For a brief moment, let us forget about the adults’ concerns. Think about the children. They are our future. There are no points of repeating a host of reports that have warned of the negative impact of social media on children’s psychological health. For the last few years, these reports keep warning us constantly. Children and teens easily become victims of bullying. It exacerbates already worse situations that are pushing them towards the dark world of anxiety, depression and loneliness. It causes sleep problems. They adopt the vicious cycle of self-harming. Reports related to adults are equally pathetic. ‘GlobalWebIndex’ has published a report that says, at the end of last year, people were spending more than two hours on their respective social media applications and it affects many things — from productivity to their personal lives. It is a global average. It does not belong to a particular country; although, 62 percent of people living in North America alone have Facebook accounts and they spend a lot of time on it.

The technology giant Apple’s head Tim Cook recently said that he did not want his nephew on social media. You may find it ironic when someone like Tim Cook worries about another technological invention.

The root cause of any addiction looks very simple in nature. It is all about ‘feeling high’. Think about addicted gamblers; whether they win or loose, they keep playing.

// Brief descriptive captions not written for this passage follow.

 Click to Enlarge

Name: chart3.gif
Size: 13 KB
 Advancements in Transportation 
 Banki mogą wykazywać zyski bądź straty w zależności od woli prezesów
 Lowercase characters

A flock of social media applications wheels overhead; it constantly reminds you that something might have happened in between. Before it traps you, please remember one thing — they want you to spend your entire time on them for one and only reason — they just use your presence for making more money.

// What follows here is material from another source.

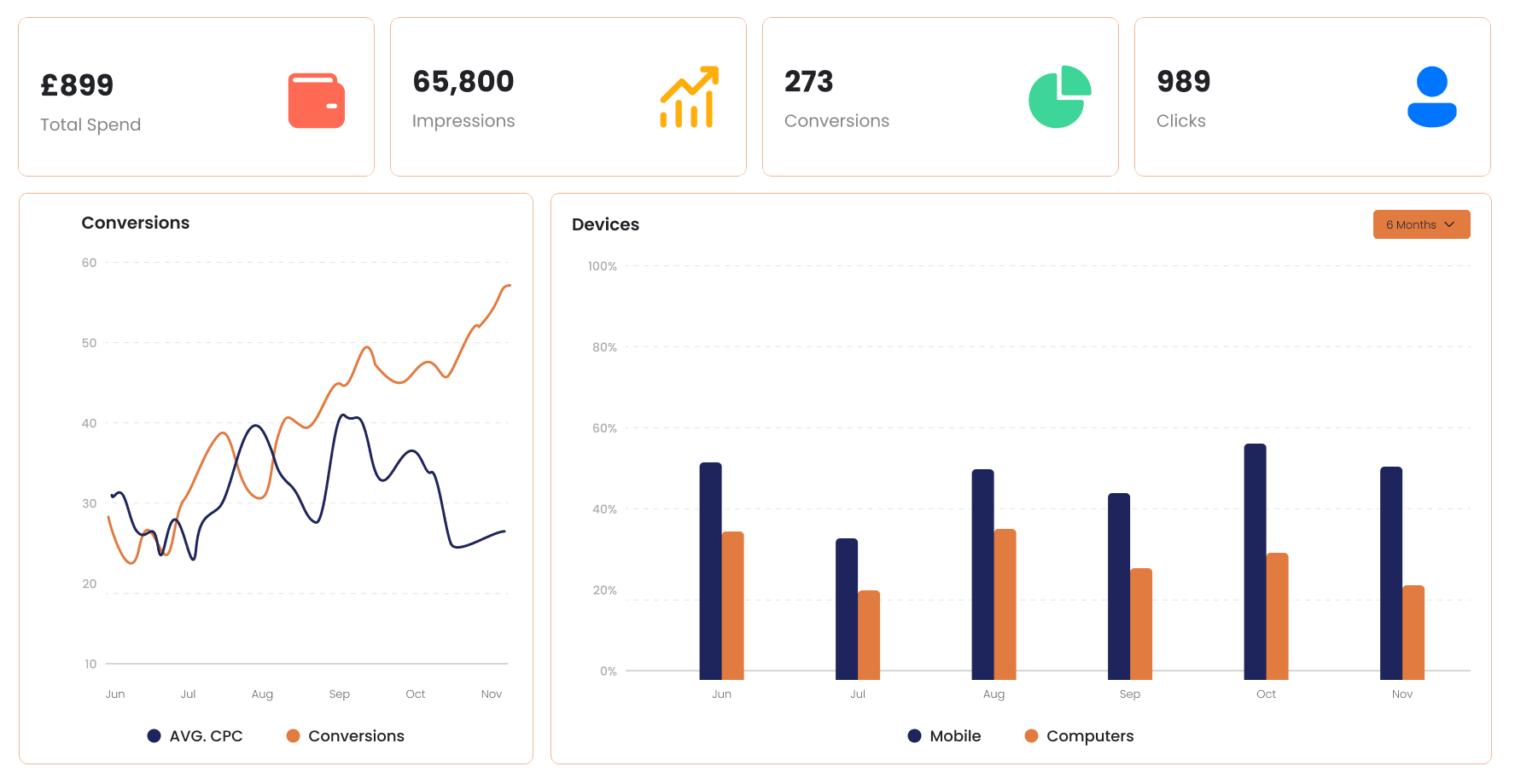 Google AdWords Management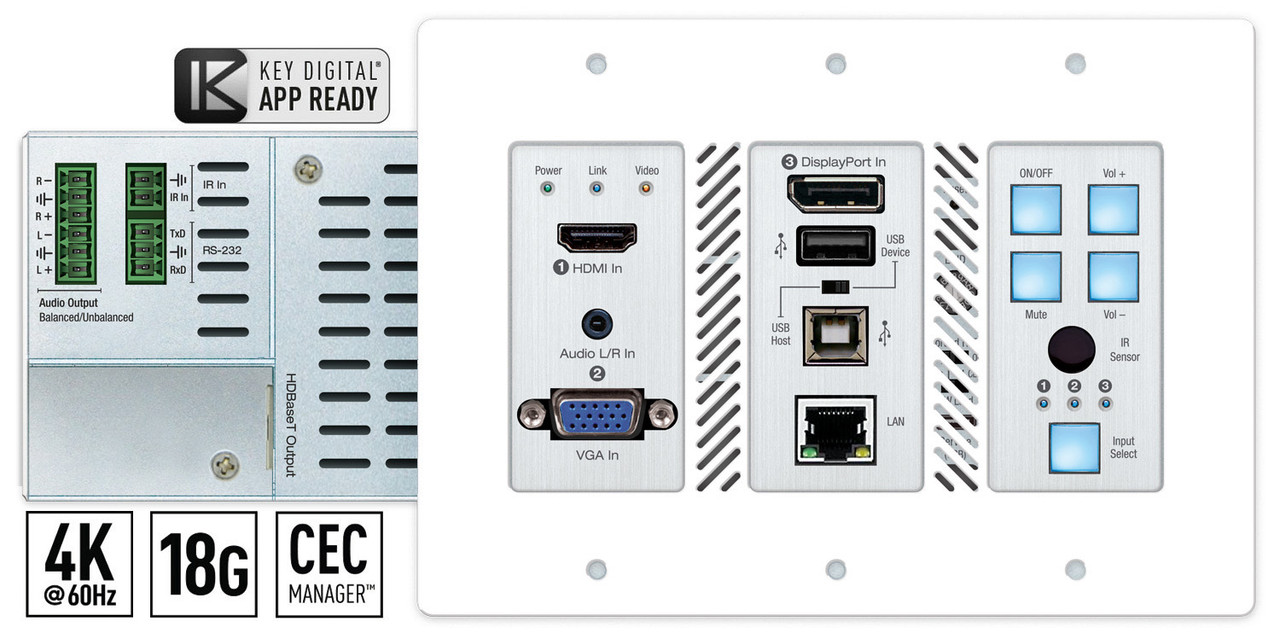 Horizontal view of the Key Digital KD-X3x1WUTx transmitter.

It also creates a false world around you. Alone in your house, you start believing that you have millions of friends around the world. Is it true? If you fall sick, nobody will come and help you to reach the hospital. They will definitely show their ‘caring and real feeling’ by writing immediately on your social media wall. The attitude is like ‘share first, think later’!

We want to share any ‘interesting or unknown thing’ very fast. We do not care to check the veracity; we do not even care whether the receiver would find it interesting or not. We do that because we are competing with others to make us superior to anybody else — we want to say, ‘look, how knowledgeable I am!’. Sadly, most of our social media posts remain unread. Most often, people quickly scroll downwards; they do not waste their ‘precious time’ reading your posts. Within a fraction of seconds, they jump over and give a quick ‘like’, expecting that the recipient would reciprocate in due course. Constant mental calculations run parallel. This person never likes my post, so I will not give it a ‘like’.

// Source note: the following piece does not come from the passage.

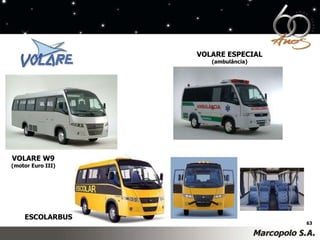 VOLARE W9 (motor Euro III) VOLARE ESPECIAL (ambulância) ESCOLARBUS 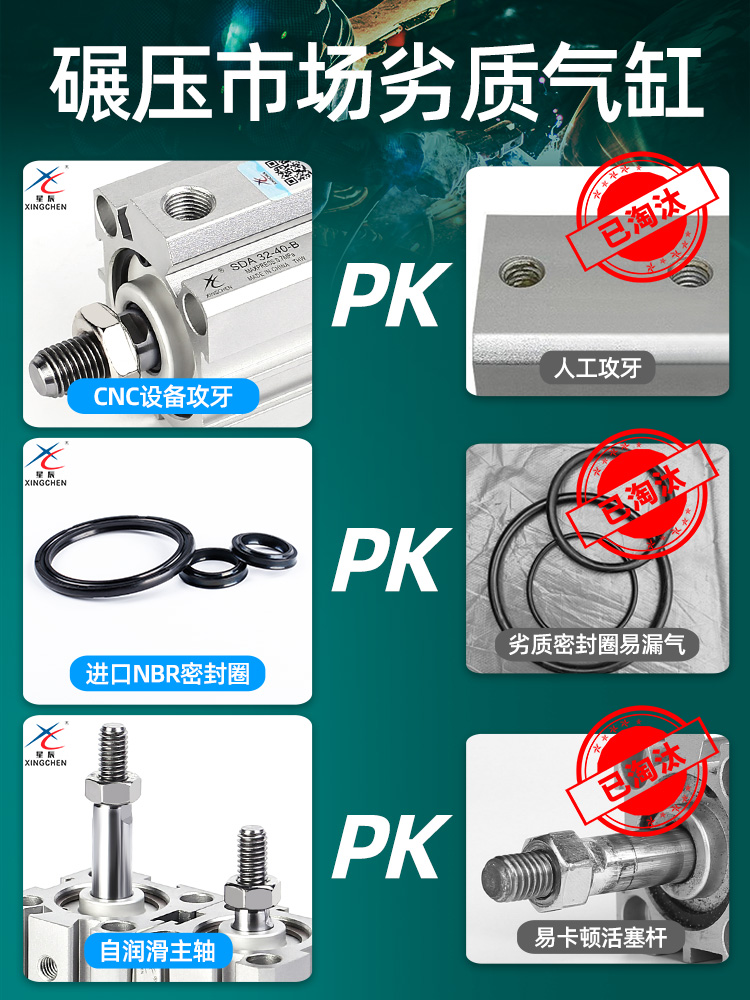 星辰薄型气缸外牙SDA32/16/20/12/25/40-10X15B*50X35X75小型气动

People say extremely rude and insulting things and do not hesitate to abuse others. Troll or social-media-abuse is a major concern in every country. Taking full advantages of communicating in real time, extremists often misuse these
‘so-called-free’ platforms. No, we cannot blame social media for these occupational hazards. That is not our concern at present.

We worry about our mental health. Excessive use of social media is a serious threat in our time and we need to address it with patience and collective thinking. When everything goes out of hand and we start experiencing the terrible feeling of sadness, we do not want to say, “I knew I had been an idiot to stay addicted to a stupid thing”.